The administrative headquarters of the Western District of Arkansas is located in Fort Smith, at the Federal Building and U.S. Courthouse, 30 S. 6th Street, Fort Smith, AR 72901. The Fort Smith Division serves Sebastian, Scott, Polk, Yell, Logan, and Franklin counties — the western Arkansas corridor along the Oklahoma border. Fort Smith is approximately 65 miles south of Fayetteville on I-49, making it a practical combined coverage day for appearance attorneys covering matters in both Fayetteville and Fort Smith. The Fort Smith federal docket reflects the regional economy: oil and gas matters from western Arkansas, gaming and tribal matters related to the Choctaw Nation's Arkansas operations, and commercial matters from the Fort Smith manufacturing and logistics corridor. Appearances in Fort Smith are available on a scheduling basis through CourtCounsel.AI.

Eighth Circuit Court of Appeals

Appeals from both W.D. Ark. and Arkansas state courts (on federal questions) go to the U.S. Court of Appeals for the Eighth Circuit, headquartered at the Thomas F. Eagleton U.S. Courthouse, 111 S. 10th Street, St. Louis, MO 63102. The Eighth Circuit is one of the busiest federal appellate courts in the country, with jurisdiction over seven states: Arkansas, Iowa, Minnesota, Missouri, Nebraska, North Dakota, and South Dakota. Oral arguments in the Eighth Circuit are conducted in St. Louis; the circuit does not maintain traveling panel sessions in Fayetteville. CourtCounsel.AI covers Eighth Circuit appearances in St. Louis; contact the platform directly for St. Louis coverage assignments related to Arkansas appeals.

The Walmart Supplier Ecosystem: Retail Litigation at Scale

No discussion of the Fayetteville/Northwest Arkansas legal market is complete without an honest accounting of what Walmart's global headquarters presence means for local and regional litigation. Walmart operates the world's largest retail operation by revenue, sourcing products from tens of thousands of suppliers across every consumer goods category. Its Bentonville headquarters functions as the nerve center of that supply chain — and the requirement that major suppliers maintain permanent representatives within driving distance of Bentonville has created one of the most unusual concentrations of corporate legal activity in the United States outside of a traditional gateway city.

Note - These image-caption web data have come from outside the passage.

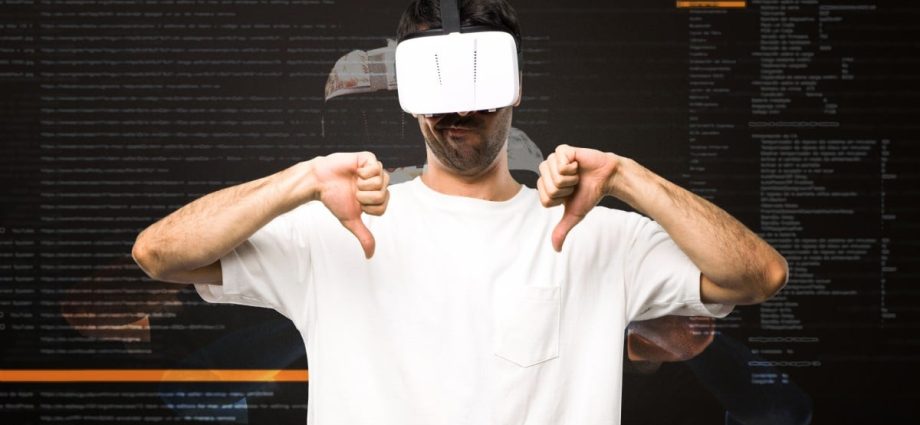 head-mounted-vr-hardware-will-never-happen,-says-neal-stephenson-–-who-coined-the-term-‘metaverse’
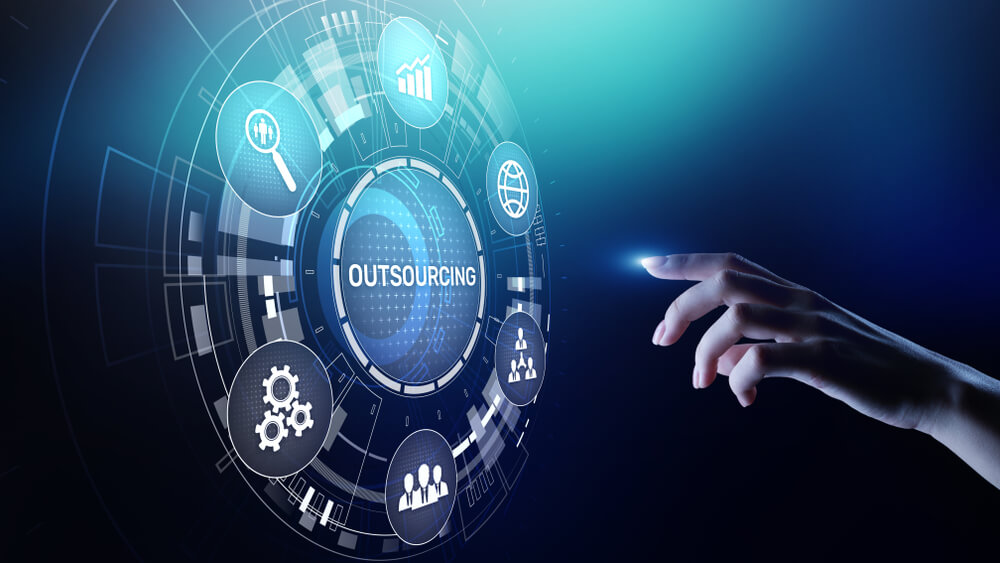 benefits of outsourcing it services
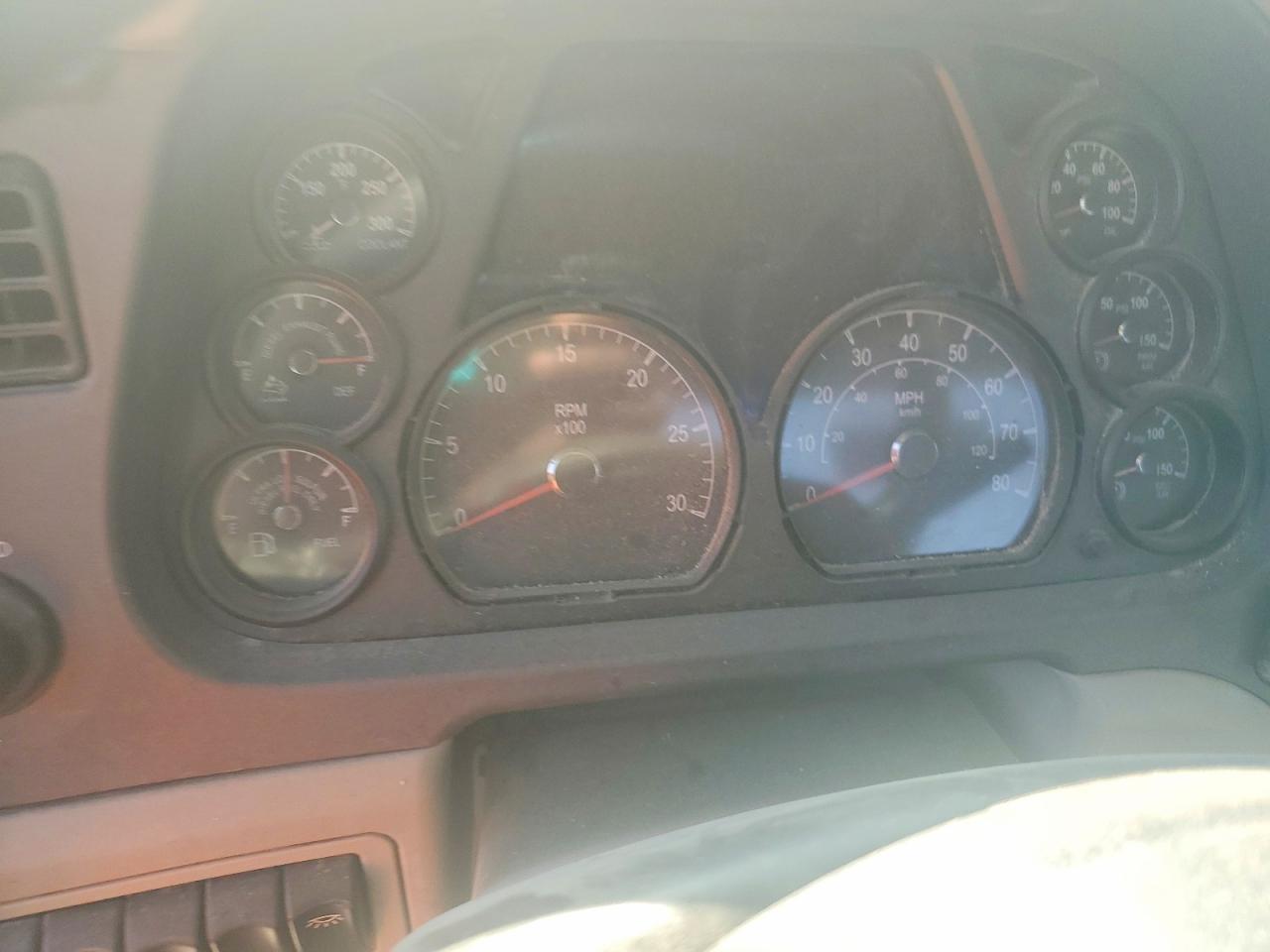 1XPBDP9XXJD432433 · 2018 PETERBILT 579 · 9/13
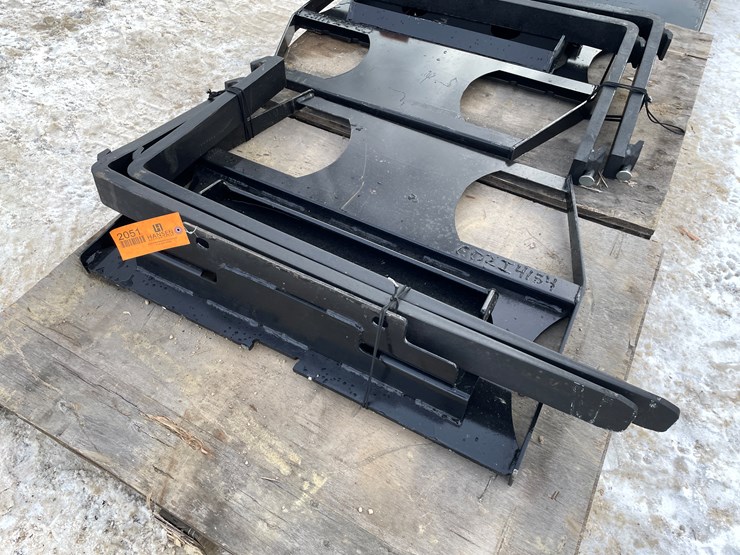 #2051-•-new-kc-mini-fork-frame-with-forks-image-1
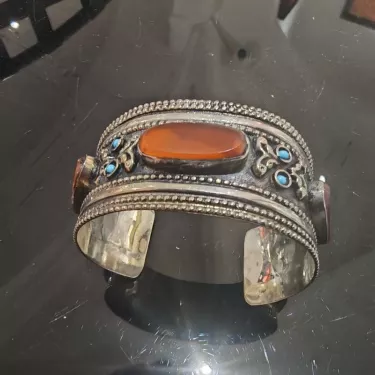 Bracelet Métal Argenté Ciselé Pierres Naturelles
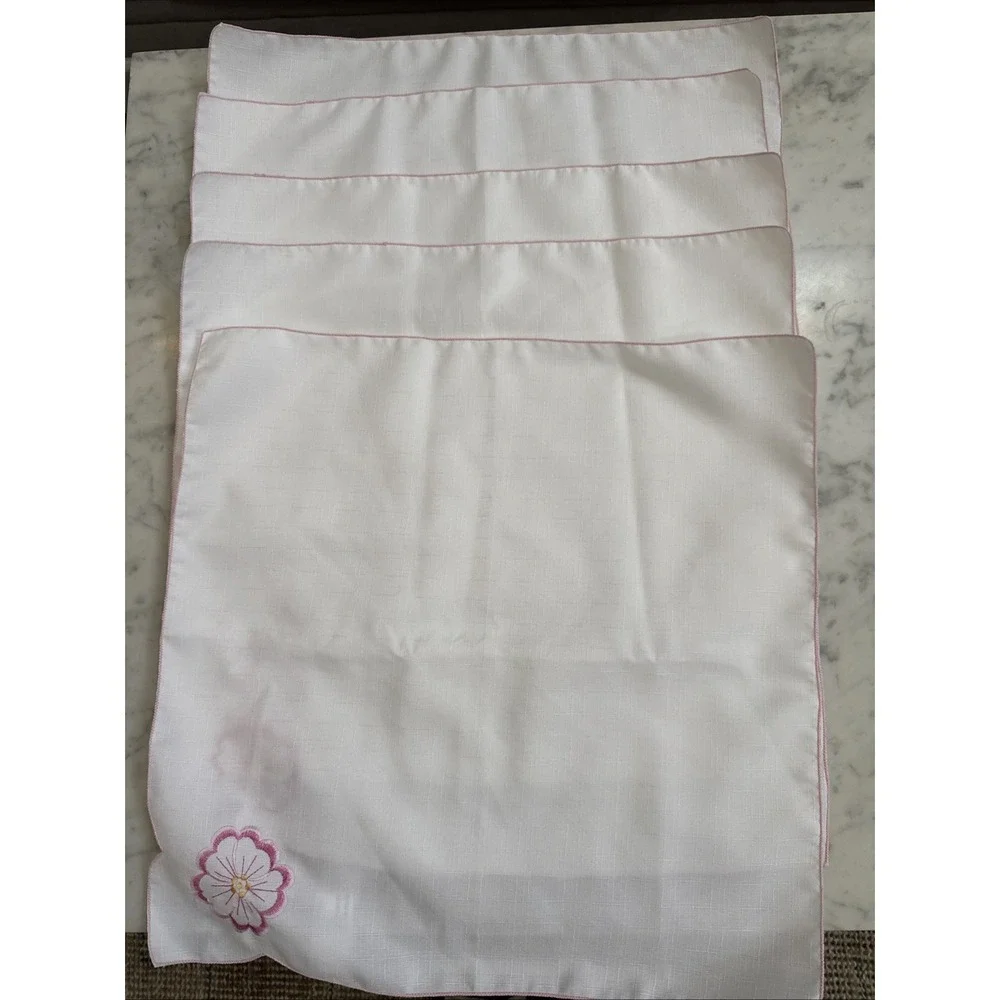 Sam Hedaya Pink Flower W‎ Pink Trim Embroidered Napkins Set/5 17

The supplier ecosystem generates several distinct categories of litigation that flow through Northwest Arkansas courts:

Sam's Club — Walmart's membership warehouse club division, also headquartered in Bentonville — adds its own commercial and employment litigation to the regional docket, including membership agreement disputes, vendor relations matters, and employment claims from the large Sam's Club corporate workforce in Benton County.

Transportation and Logistics: J.B. Hunt and the I-49 Corridor

J.B. Hunt Transport Services, headquartered at 615 J.B. Hunt Corporate Drive, Lowell, AR 72745, is one of the largest transportation and logistics companies in North America. With a fleet of tens of thousands of trucks and an extensive intermodal network partnered with BNSF Railway, J.B. Hunt generates a substantial and distinctive litigation docket that flows through Washington and Benton County courts and the W.D. Ark. Fayetteville Division.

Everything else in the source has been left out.